How to make the same distance from all drivers and listener while your speakers are in project.


----------



## speedie (Aug 19, 2009)

Without wanting appear naive and showing my ignorance in this subject 
So let me try to fathom this 
If sound travels at 750 miles an hour or 1100 meters per second how do you hear the relative distance of placement of the drivers?
Or is it too says that the orchestra is set up so that the instruments with the lowest pitch are relative in distance too the highest!
I am sure there must be a reason for time alignment 
Would someone be so kind as to elaborate on this issue?
cheers speedie:coocoo:


----------



## dyohn (Apr 17, 2008)

speedie said:


> Without wanting appear naive and showing my ignorance in this subject
> So let me try to fathom this
> If sound travels at 750 miles an hour or 1100 meters per second how do you hear the relative distance of placement of the drivers?
> Or is it too says that the orchestra is set up so that the instruments with the lowest pitch are relative in distance too the highest!
> ...


It has nothing to do with the speed of sound (all frequencies travel through air at the same speed) and everything to do with phase cancellations due to different wavelengths causing signal peaks to occur at different times at a given distance from the driver.
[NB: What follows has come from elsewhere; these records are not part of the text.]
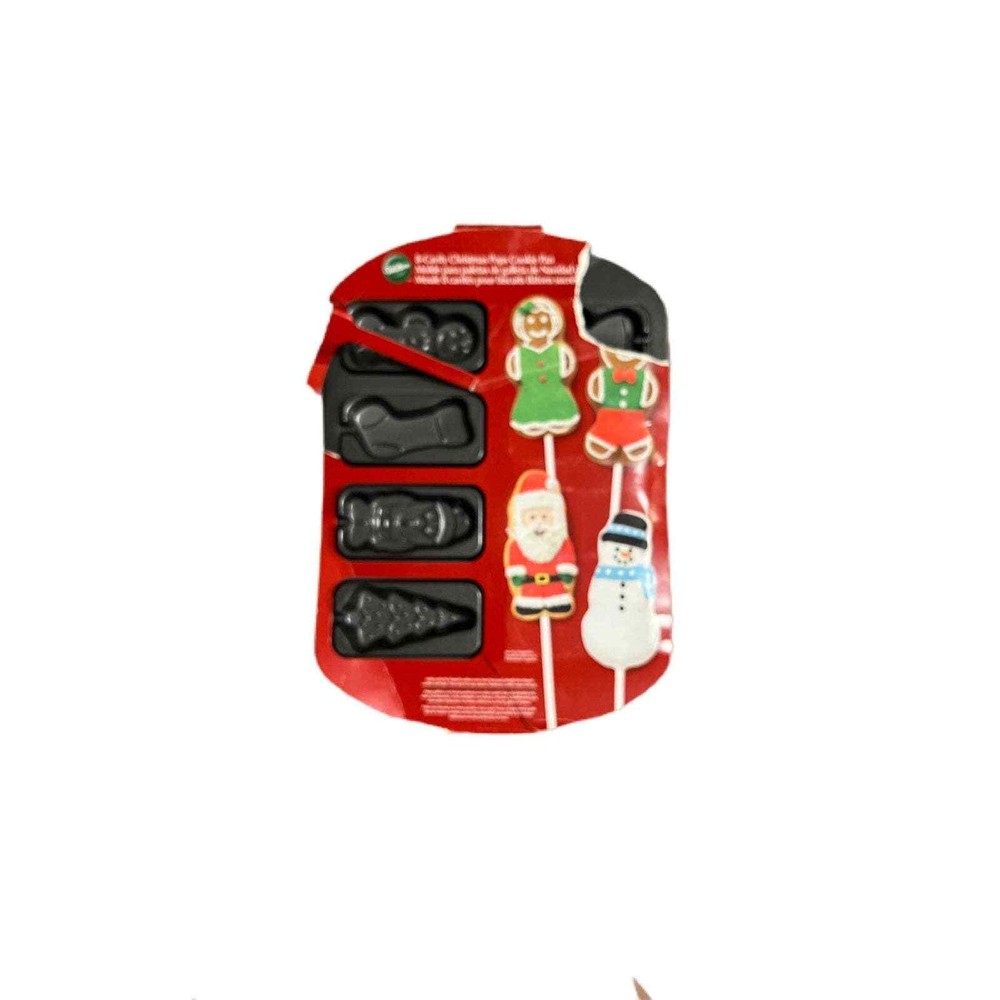 Wilton Christmas Cookie Pop Baking 8 Cavity Pan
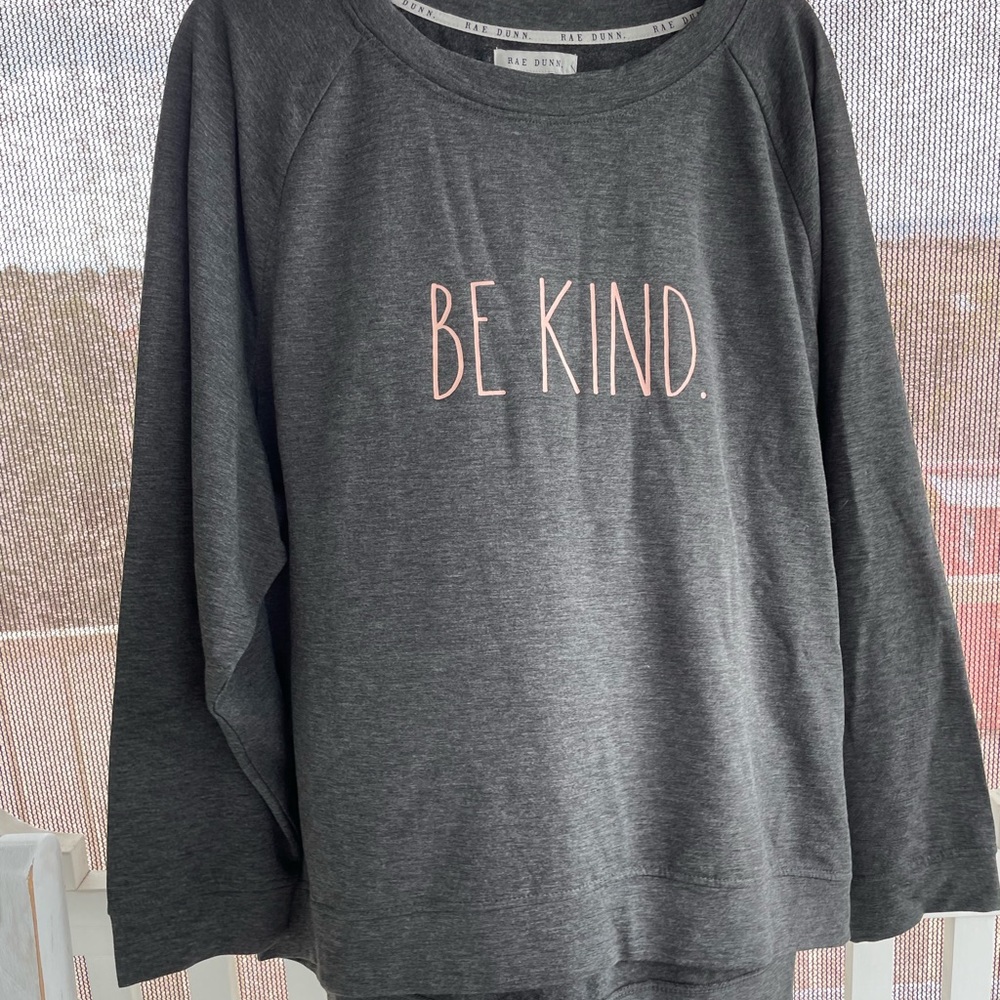 Rae Dunn Grey Sweatshirt Size 3X New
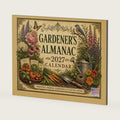Gardeners Almanac 2027 Calendar Vintage Botanical Gardening Garden Wisdom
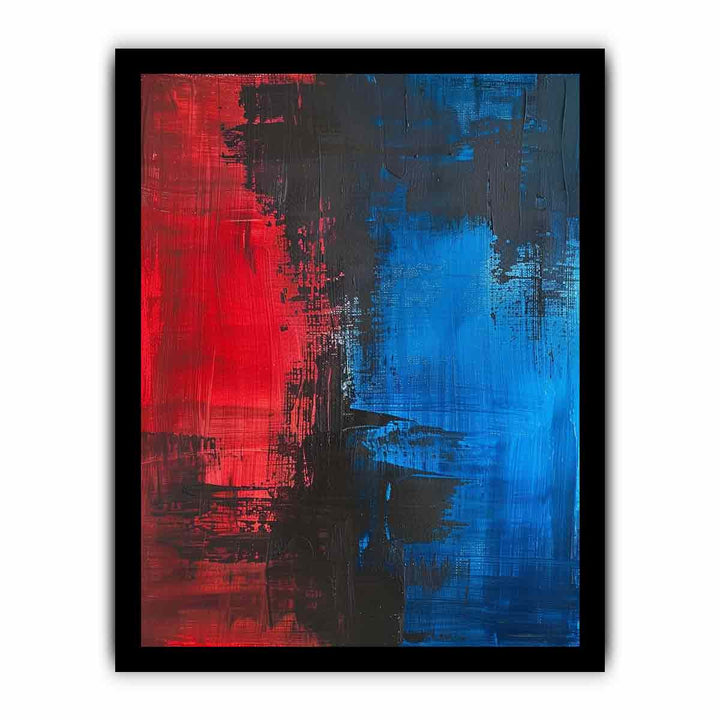 Red Blue Painting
Here's a good description.


----------



## Jason Schultz (Jul 31, 2007)

Thanks Dyohn great link.:clap:


----------



## speedie (Aug 19, 2009)

Thanks for the link on time, distance, phase alignment it is a good read and as usual very concise 
As was pointed out in some situations there is an audible difference and in others none
So do we have our ears trained well enough to discern what we are hearing or are we more absorbed with the music that we are listening too!
As is with all information it is only relative to the information going into the formulas that create the answer that is variable 
I.e. distance from noise source, angle of perception, mood, 
As a diyer I have limited access to most of the equipment that would have been used to undertake the research for the article so I must rely on what other individuals put up for science 
Picture this we are going at 200mph we know it is fast but relative to what?
Thanks for your advice and guidance and I don’t mean to offend any one 
Cheers speedie


----------



## Jason Schultz (Jul 31, 2007)

Hi speedie
I have had ago at diy speakers previously, including cross over design (or lack of it). The speakers in question were not very intelligable with speach. I put this down to a terrible phase response between drivers. It was very noticable when compared to my VAF research center channel which i know has a straight and flat phase response.


----------



## speedie (Aug 19, 2009)

Hay Jason haven’t heard back from any of the guys re alignment so can only guess that it is a moot point
When you first posted I thought that you where after advice on alignment of main speakers i.e. bookshelf or towers but it seems that maybe it was for your centre channel which is usually used for dialogue so i can see where it may? be critical (even though most of the centre speakers that i see are on the same plan with driver mounting)
Yad had put up a diagram for positioning of drivers but I think that it was for mains, also from that read in the post it was mentioned that positioning of drivers was not as critical as is phasing through crossover design and other criteria 
I do hope that your endeavor to build your system goes well 
Cheers speedie
:sn:


----------